▸ Activity:
Word for word, restate the lines of the listing below from the line with "Black Rough Rocks" through the line with "cooked sausage patties", and do not include the pictures.

▸ Source information:
━━━━━━━━━━━━━━━━━━━━

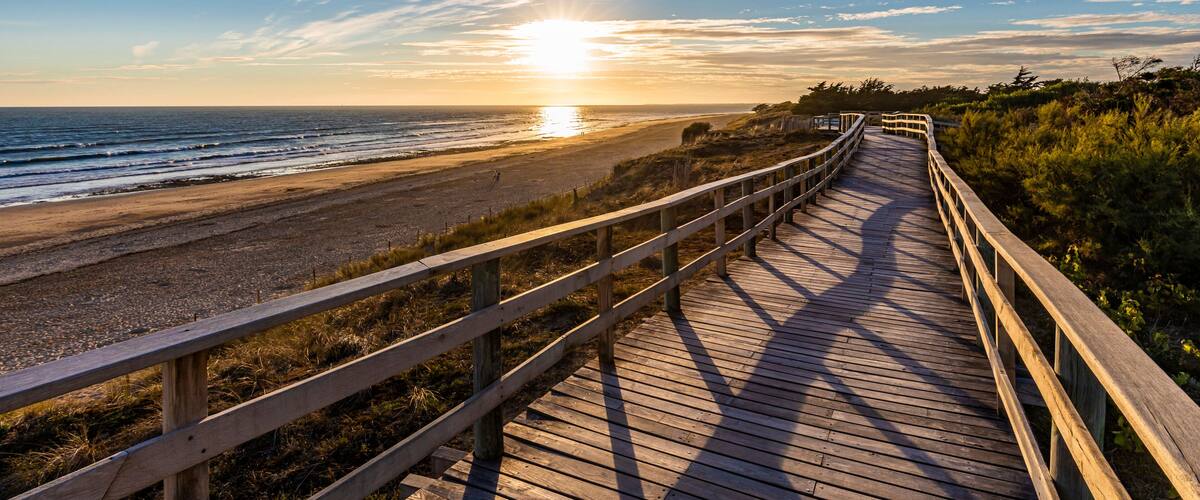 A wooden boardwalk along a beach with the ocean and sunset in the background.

━━━━━━━━━━━━━━━━━━━━

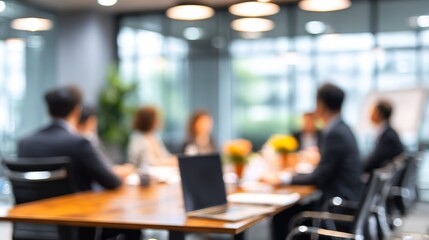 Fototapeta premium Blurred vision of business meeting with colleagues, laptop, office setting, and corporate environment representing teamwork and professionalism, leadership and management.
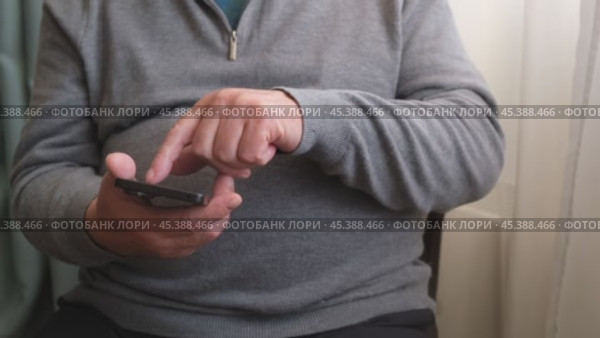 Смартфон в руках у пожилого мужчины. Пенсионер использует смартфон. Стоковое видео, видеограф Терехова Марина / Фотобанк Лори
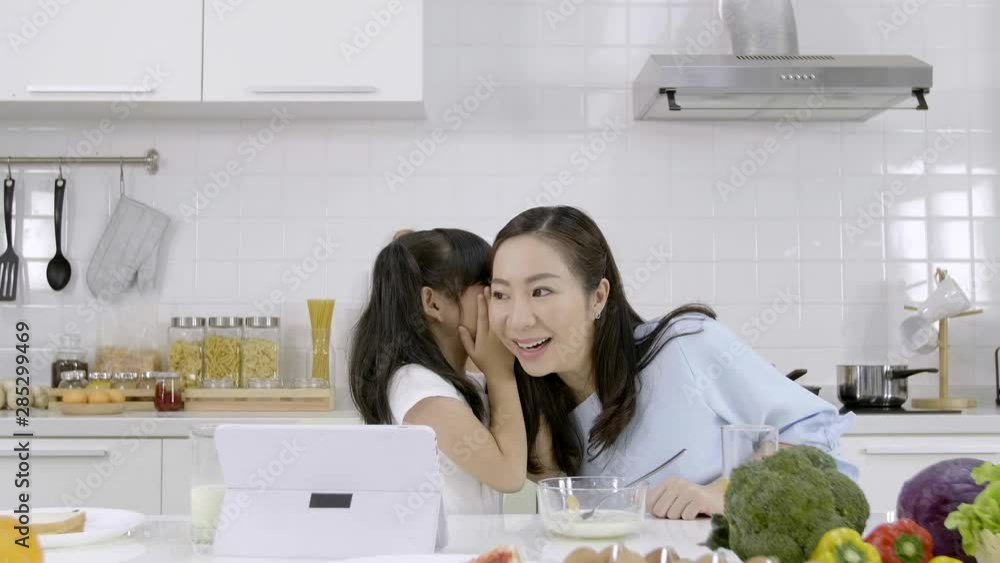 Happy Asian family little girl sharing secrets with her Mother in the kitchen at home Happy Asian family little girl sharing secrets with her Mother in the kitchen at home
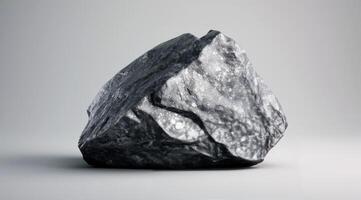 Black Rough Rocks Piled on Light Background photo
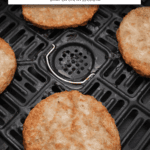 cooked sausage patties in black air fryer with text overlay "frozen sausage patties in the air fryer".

━━━━━━━━━━━━━━━━━━━━

▸ Result:
 Black Rough Rocks Piled on Light Background photo
 cooked sausage patties in black air fryer with text overlay "frozen sausage patties in the air fryer".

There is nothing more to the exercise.